I think the problem was that when a post is started and written on by folk, the OP is automatically e-mailed everytime someone writes on it. An d quite rightly, they want to see something written that is related to their question!!!

If you wanna chat and stay in here, well thats fine. We can do it on here now cant we, cos its only you who'll get the message that someone has responded!!!



Jo xx


----------



## jojo (Sep 20, 2007)

Tallulah said:


> oooooh what did I miss?? Sorry, recovering from fiesta hangover and spending clearly too much time in the sun.



Heck, any sniff of scandal and gossip ..............

Jo xxxx


----------



## Tallulah (Feb 16, 2009)

xxxx


----------



## jojo (Sep 20, 2007)

mrypg9 said:


> Well, I've had a look. But frankly, you get a better class of poster and higher-quality debate on this forum.
> Alcaina.....I hope you read my reply to your post before the thread was closed?
> If not, I'll paste and pm it.


BTW, the best way to up the class and quality of poster in the lounge is for us "intellencias" to go and mob it :becky::becky::wacko:!!!

Jo xxx


----------



## country boy (Mar 10, 2010)

Err...what's the Lounge Boss?? I must be missing something here....


----------



## jojo (Sep 20, 2007)

country boy said:


> Err...what's the Lounge Boss?? I must be missing something here....



http://www.expatforum.com/expats/expat-forum-lounge/
:faint:


Jo xxxx


----------



## Alcalaina (Aug 6, 2010)

mrypg9 said:


> Well, I've had a look. But frankly, you get a better class of poster and higher-quality debate on this forum.
> Alcaina.....I hope you read my reply to your post before the thread was closed?
> If not, I'll paste and pm it.


I did read it, thanks - don't have the energy to reply right now though. Too hot, my brain hurts ...

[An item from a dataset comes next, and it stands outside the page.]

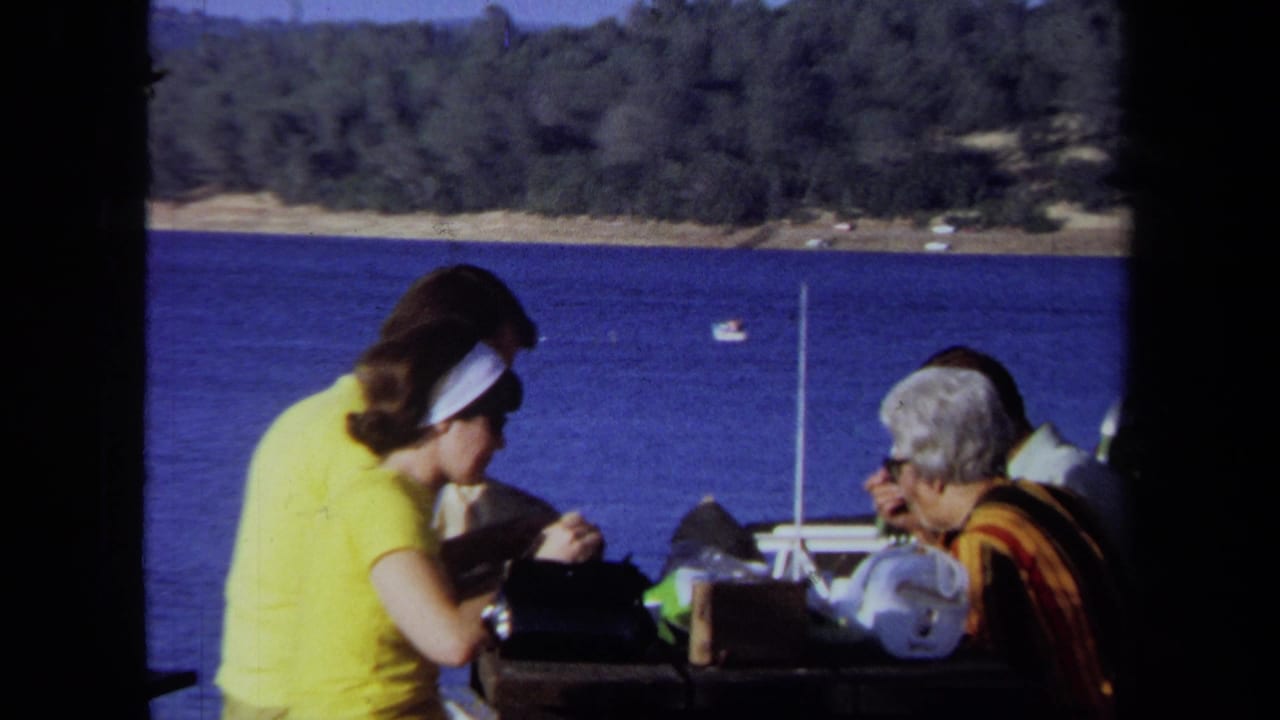 1971 California home-movie frame of family members eating at a lakeside picnic table with boats and forested shoreline behind them.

I had a look in the lounge and it's a bit scary, not the sort of place a where girl could go and drink on her own. I dipped a tentative toe in the ground zero mosque debate but haven't been back to see whether I've been savaged by ******** and xenophobes yet.


----------



## jojo (Sep 20, 2007)

Alcalaina said:


> I did read it, thanks - don't have the energy to reply right now though. Too hot, my brain hurts ...
> 
> I had a look in the lounge and it's a bit scary, not the sort of place a where girl could go and drink on her own. I dipped a tentative toe in the ground zero mosque debate but haven't been back to see whether I've been savaged by ******** and xenophobes yet.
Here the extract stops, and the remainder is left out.